3. What is a DNS server? DNS servers involved in loading a website

A DNS server is a server that stores domain resolution information and responds to DNS queries from users or browsers. Each DNS server plays a specific role in the query chain, ensuring that IP address resolution is fast and accurate.

There are four main types of DNS servers involved in the DNS resolution process:

3.1. DNS recursor (DNS resolving server)

The DNS recursor is the first server to receive a request from a user’s browser. Its role is to query other DNS servers on behalf of the user until it finds the final answer.

You can think of the DNS recursor as a librarian who is asked to locate a specific book within a library.

3.2. Root name server

The root name server is the starting point for all DNS queries. It does not store specific IP addresses but instead directs the query to the appropriate top level domain servers such as .com, .vn, .net.

3.3. TLD name server (Top Level Domain Server)

The TLD server manages domain extensions such as:

• .com
• .vn
• .org

For example, with vnetwork.vn,  the relevant TLD server is.vn, which then points to the authoritative server responsible for that domain.

3.4. Authoritative name server

This is the final source of truth, where the actual DNS records of a domain are stored. When a query reaches this server, it returns the exact IP address associated with the requested domain.

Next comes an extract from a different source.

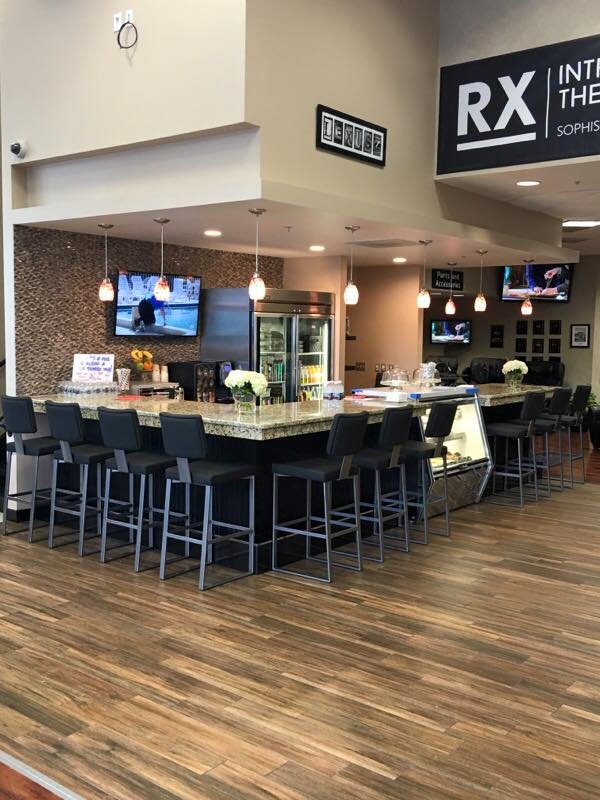 SHEEHY LEXUS OF ANNAPOLIS Updated October 2024 60 Photos & 119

Through the coordinated interaction between DNS recursors, root servers, TLD servers, and authoritative name servers, domain name resolution is performed quickly and accurately. This enables users to access websites seamlessly without needing to understand the technical steps occurring in the background.

4. What is a DNS resolver and what role does it play?

After understanding the DNS servers involved in domain resolution, it is important to clarify another critical intermediary component, the DNS resolver.

A DNS resolver is the component that sits between the user and the DNS server system. Its role is to receive domain resolution requests from browsers or applications and determine how to retrieve the corresponding IP address.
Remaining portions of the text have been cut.